Işıklarda durdum. Hayatımın bir süreliğine kırmızı ışıkta takılmasına tanıklık ettim. Arabamın yanına içi yolcu dolu bir otobüs yanaştı. Bazı şeyleri nedensizce garipsemeye başladım. Bu benlik bir durum. Neyseki yeşil ışık beni bu travmadan kurtardı. Radyoyu açtım. Dışarıdan gelen seslere odaklanırsam kendi düşüncelerimden bir süreliğine de olsa kurtulurum diye düşündüm. Haberler bölümünü atlamaktaýım. Sadece müzik çalan bir frekans buldum. Bir yandan da yolculuğuma devam ediyorum. Havanın kafası biraz karışık. Benimde kafamın havadan bir arkı olduğu söylenemez. Sonunda kahvaltı yapabileceğim yere geldim. Arabamı güvenli bir yere bıraktım. İçeriye girdim.


- Hoşgeldiniz efendim.


- Hoş geldim efendim. Aç geldik efendim. Acil benimle ve midemle ilgilen efendim.


- Victor yok mu?


- Bilmiyorum, bugün midem ve ben varız.


- Siz içeriye geçin.

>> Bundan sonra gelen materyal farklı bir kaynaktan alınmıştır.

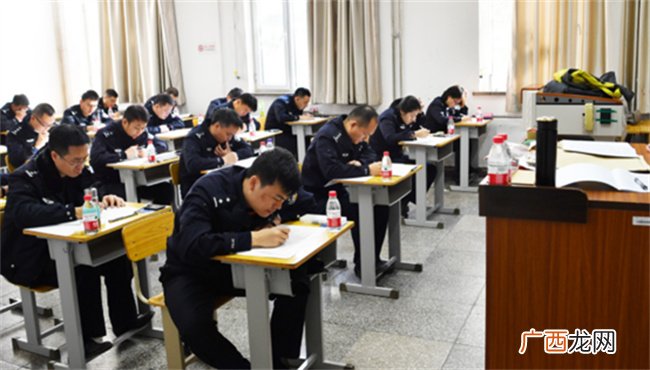 实习民警多久可以考执法考试 执法考试的时间是几号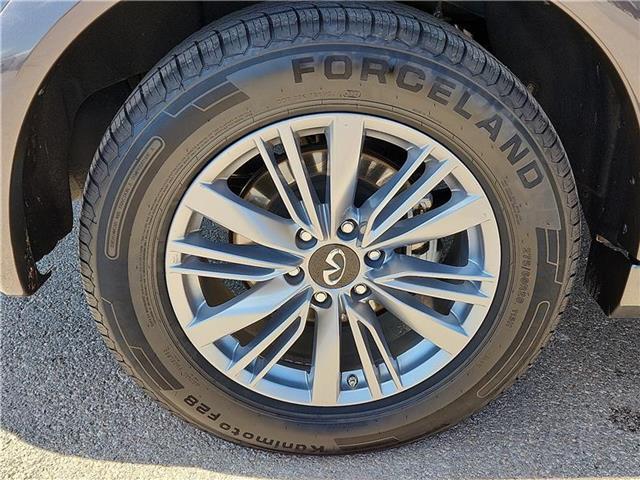 Photo of 2024 Gray INFINITI QX80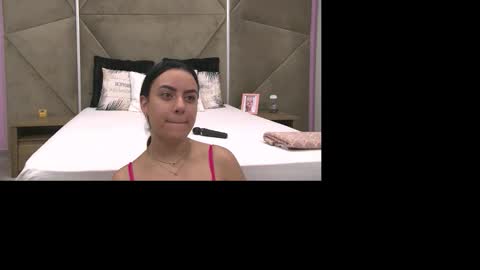 Snapshot of eliza_ibara chatting on September 29, 5:56 am Eliza online show from September 29, 5:56 am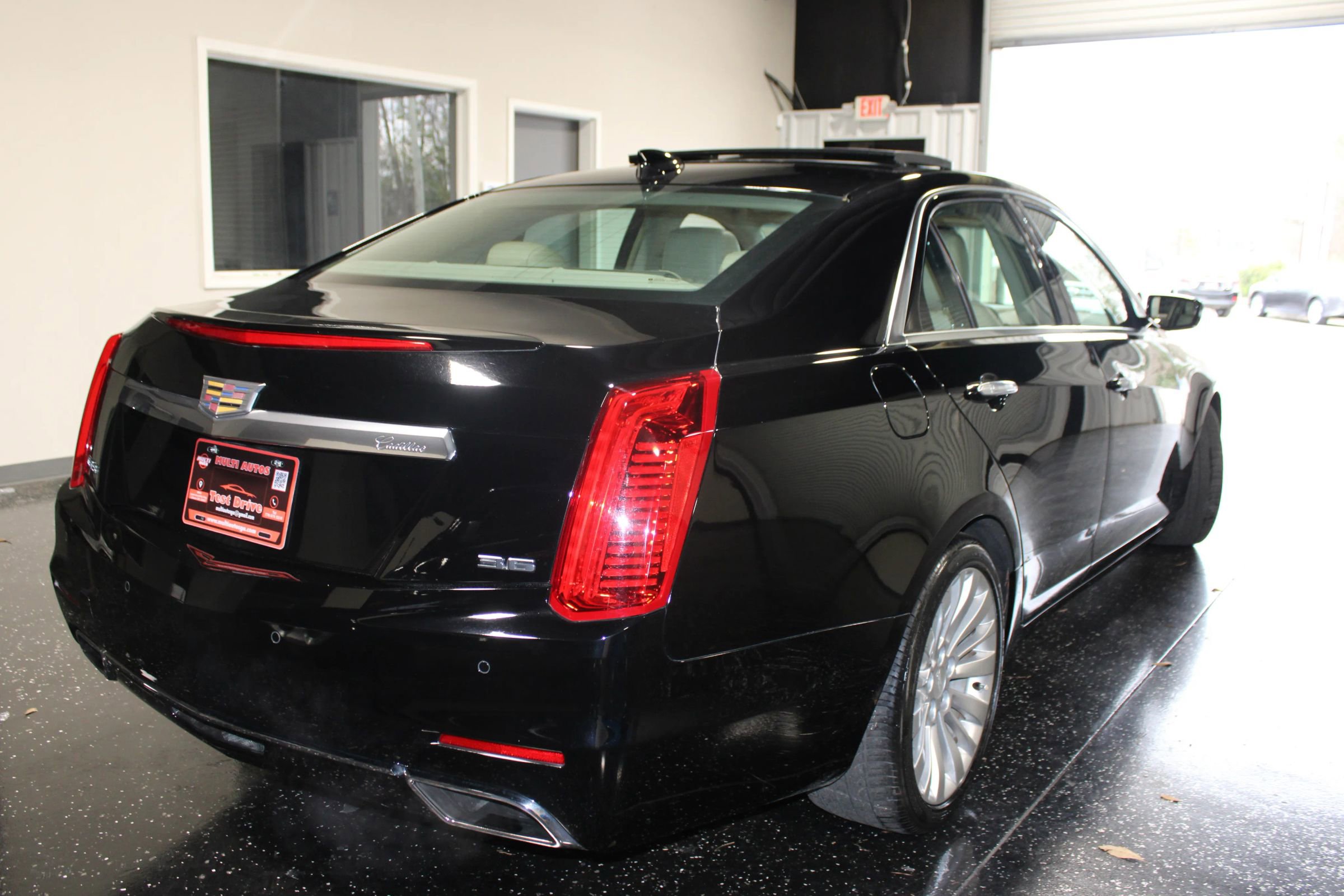 Used 2015 Cadillac CTS Performance image 2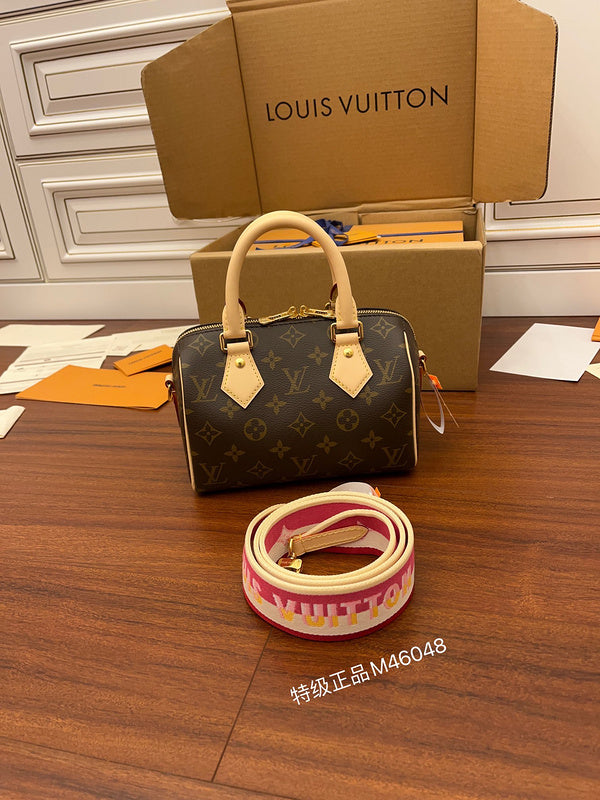 Alice bags- Louis Vuittons  - 16707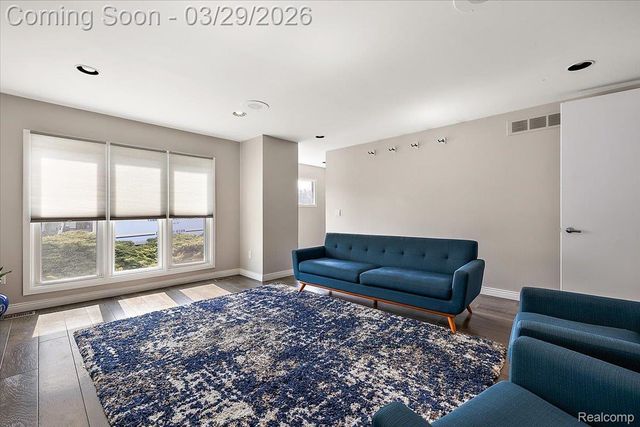 3830 Columbia Drive, Bloomfield Hills, MI 48302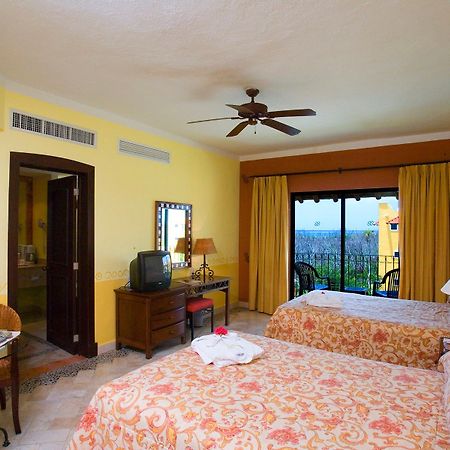 Occidental Grand Cozumel Exterior photo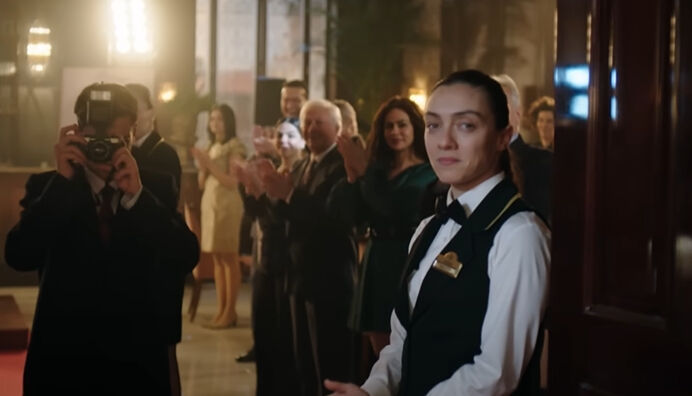 Kral Kaybederse dizisi senaristi kim? Gülseren Budayıcıoğlu'nun kitabından uyarlandı Kral Kaybederse dizisi senaristi kim? Gülseren Budayıcıoğlu'nun kitabından uyarlandı - 1. Resim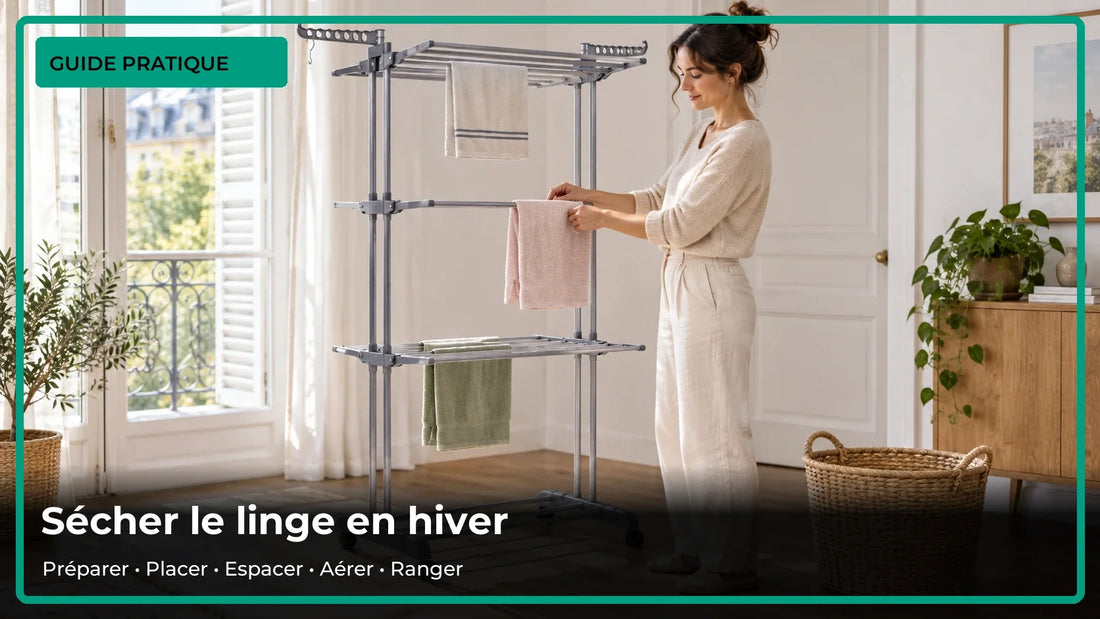 Étendoir quatre niveaux avec linge espacé dans un appartement lumineux.
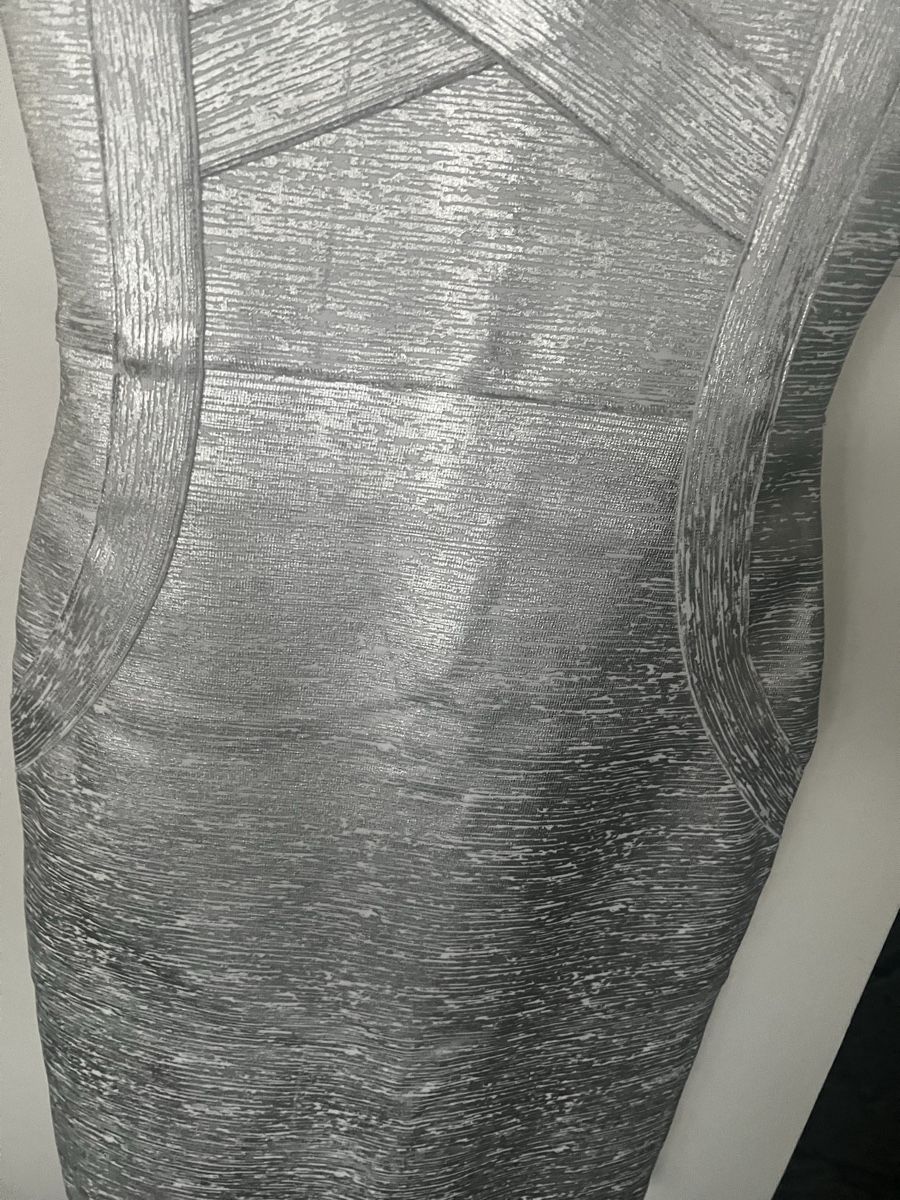 Vestiti: Magnifique robe élastique T34/36 – Nuovo (secondo la descrizione) da Peseux venduto da camosport 2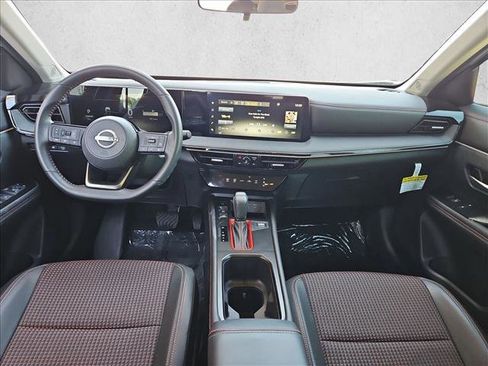 Certified 2025 Nissan Kicks SR FWD image 22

Herhangi bir masaya oturun.


- Herhangi bir masaya mı? Boş olan Herhangi bir masaya mı?


- Anlamadım.


- Dinlemiyorsun ki anlayasın. Şimdi ben sana anlatacağım.


İçeriye girdim. Yemek yiyen bir çiftin masasına doğru yaklaştım.


- Kalkın hemen buradan. Ben burada kahvaltı yapacağım.


- Kör müsün be adam? Kocamla ben burada oturuyoruz.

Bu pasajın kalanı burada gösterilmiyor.